I livelli di sicurezza di un impianto dipendono da numerosi fattori. Da un lato esistono vincoli normativi, che forniscono opportune linee guida cui fare riferimento. Dall’altro subentrano politiche aziendali più o meno stringenti, spesso anche più restrittive rispetto ai vincoli posti dalla normativa di riferimento.
In linea di principio possiamo identificare 3 livelli di sicurezza “classici”, con livelli di protezione e complessità crescenti:
Livello di sicurezza 1
Preferibilmente utilizzato in presse con stampi incolonnati.
Si utilizza un pressostato in ogni circuito di bloccaggio per il controllo della forza di bloccaggio quale sicurezza per la macchina. I due circuiti idraulici sono tra loro indipendenti.
Circuito di bloccaggio = 50 % degli elementi di bloccaggio nella tavola e nello slittone.
Circuito di sicurezza = 50 % degli elementi di bloccaggio nella tavola e nello slittone.

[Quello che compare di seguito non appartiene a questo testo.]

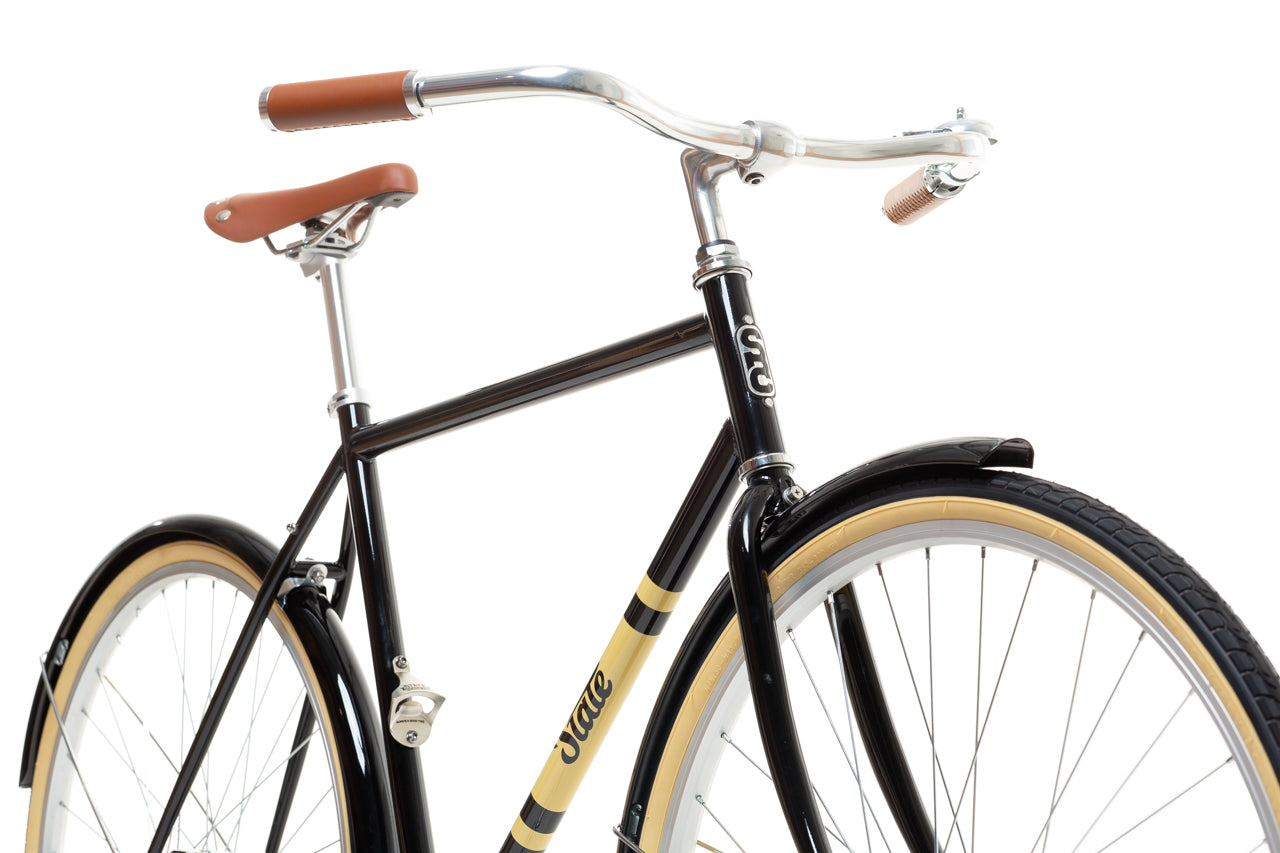 City Bike - The Black & Tan (Single-Speed) - Cycleson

Se si guasta un circuito, il semistampo superiore o inferiore rimane sempre bloccato con il 50 % della forza di bloccaggio totale.

Livello di sicurezza 2
Prevedere in presse con stampi non incolonnati.
Una valvola di ritegno sbloccabile idraulicamente, anche chiamata valvola di non ritorno pilotata, mantiene la pressione nel circuito di bloccaggio e/o di sicurezza. In questo caso la pressione viene mantenuta anche se nel resto del sistema si ha una caduta di pressione, dato che la valvola agisce come un rubinetto.

Livello di sicurezza 3
Prevedere in caso di impiego di stampi non incolonnati su presse grandi e per carrozzeria.

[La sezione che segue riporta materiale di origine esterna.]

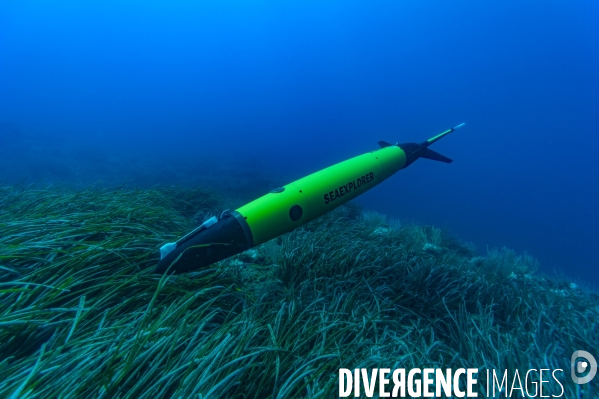 Le planeur sous marin (Glider)  SEAEXPLORER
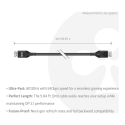 CLUB3D DisplayPort™ 2.1 DP54™ VESA® Certified Cable 8K120Hz 3m/ 9.84ft CLUB3D DisplayPort™ 2.1 DP54™ VESA® Certified Cable 8K120Hz 3m/ 9.84ft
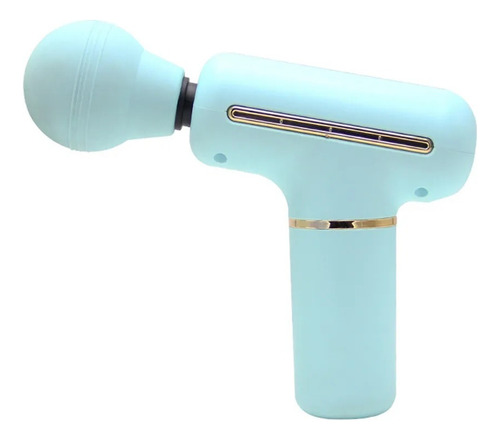 Mini Pistola De Masaje Muscular Recargable De 4 Velocidades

Ciascun elemento di bloccaggio del circuito viene protetto individualmente da valvole di ritegno sbloccabili idraulicamente. In caso di caduta della pressione superiore al 20 % rispetto alla pressione d’esercizio, il pressostato manda in allarme la pressa. Le valvole di ritegno garantiscono la forza di bloccaggio anche per molti giorni, grazie alla tenuta pressochè stagna.